The task in the Sentiment Analysis track of the i2b2/VA/Cincinnati Children’s 2011 Challenge1 was to assign zero or more emotions to each sentence found in a collection of suicide notes. There were 15 possible emotions to choose from, as well as the option of not assigning an emotion. The emotions were (in frequency order): instructions, hopelessness, love, information, guilt, blame, thankfulness, anger, sorrow, hopefulness, happiness/peacefulness, fear, pride, abuse, and forgiveness.
The decision to pursue rule-based methods was made after observing the following about the training data.

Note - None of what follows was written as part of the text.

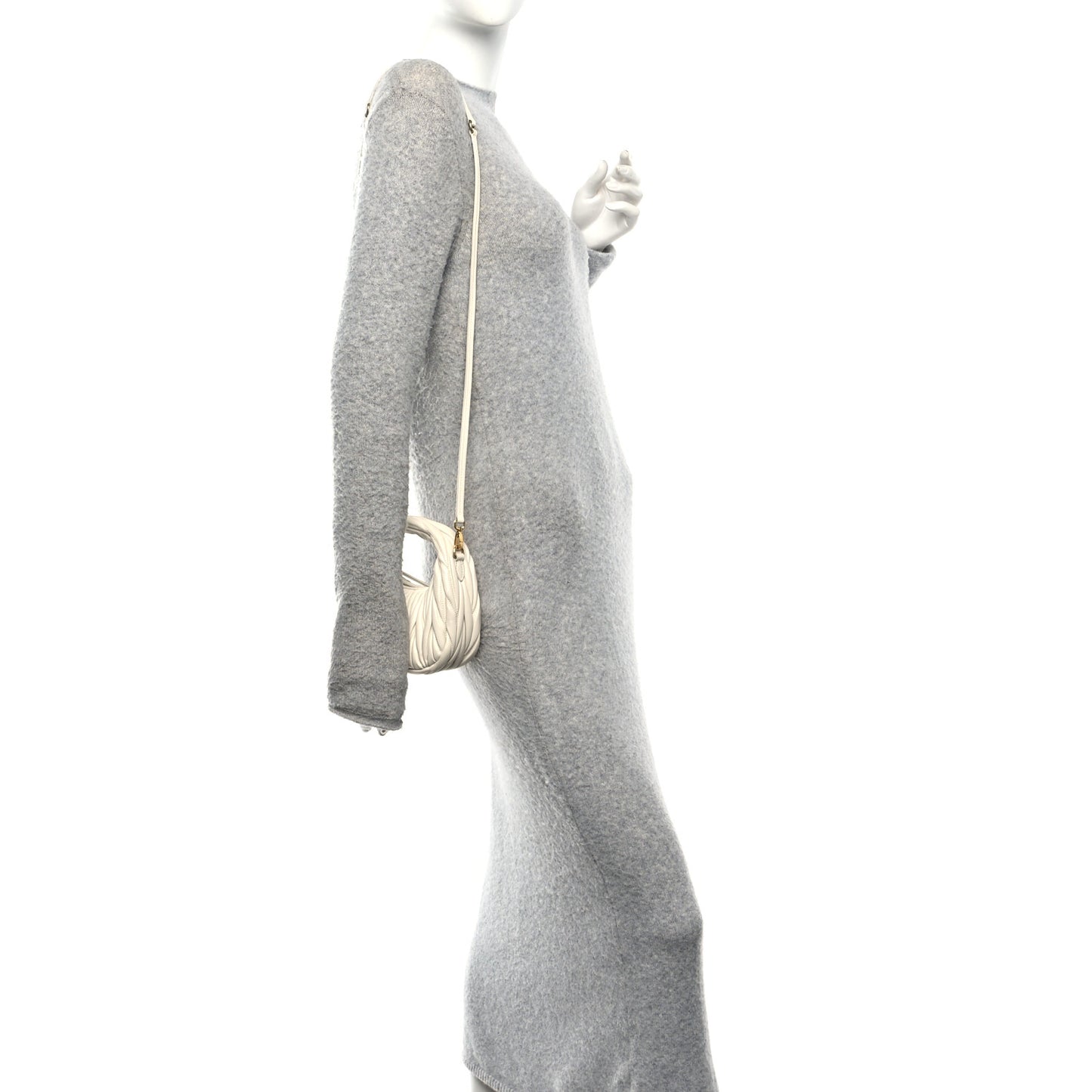 Nappa Matelasse Mini Wander Hobo White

Given these circumstances, it seemed that machine learning approaches would do reasonably well on the more frequent emotions, but would probably be unable to handle less common emotions. Also, in inspecting the training data we noticed that there are certain discriminating phrases that are fairly easy to pick out (eg, can’t go on, associated with hopelessness). As a preliminary experiment we decided to manually build a few simple rules to see how well those would perform. Initially these rules focused on instructions and hopelessness, and were quickly able to reach F-measures in the 30s on the training data. As more rules were added performance continued to improve, so development continued until reaching F1 of 49% on the training data, which we were unable to surpass. The resulting system was applied to the test data and achieved an F1 of 45%. In some sense then the creation of a rule-based system can be seen as an exercise in evaluating our intuitions about the data.
This paper continues with a discussion of our rule based method, and then describes our simple attempt to automate the creation of that rule-based system. We include an extensive analysis of the results obtained by these two systems, plus the effect of combining them in various different ways.

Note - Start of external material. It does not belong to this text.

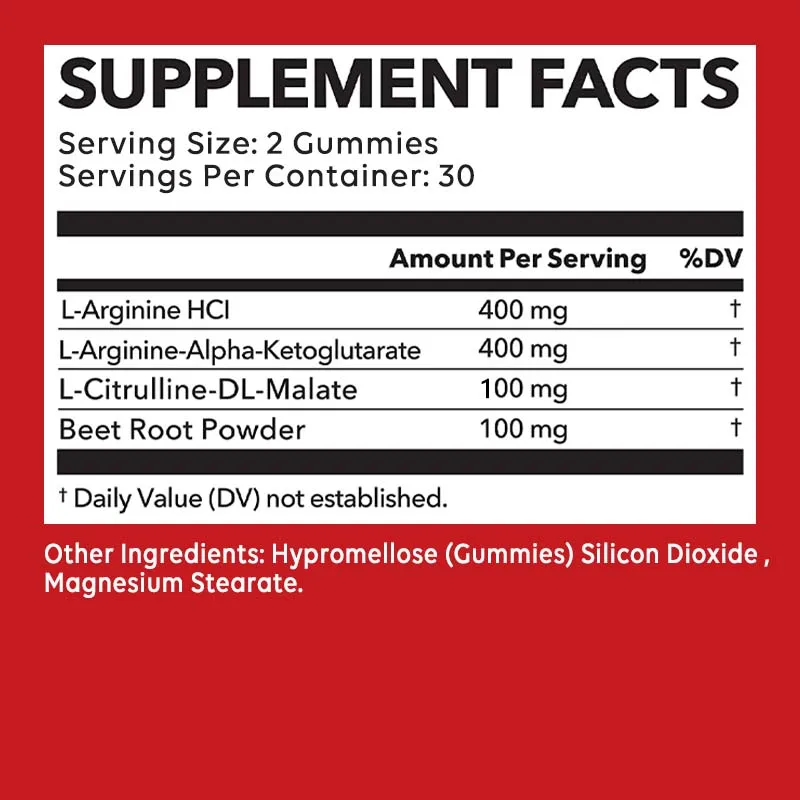 L-Arginine - for Energy, Strength and Endurance Support During Exercise, Build muscle mass - 60 Gummies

The rule-based system consisted of a set of regular expressions associated with each emotion. The regular expressions represented the occurrence of words or short phrases (bigrams or trigrams) in the sentence. Each sentence to be assigned an emotion was matched against these regular expressions. This matching was done based on the frequency ordering of the emotions, where the most frequent emotion was checked first, etc. If the sentence matched the regular expression for an emotion, that emotion was assigned and the next was considered. A limit of 2 emotions per sentence was put in place based on the observation in the training data that most sentences only have zero or one emotion assigned, and that very few have more than 2.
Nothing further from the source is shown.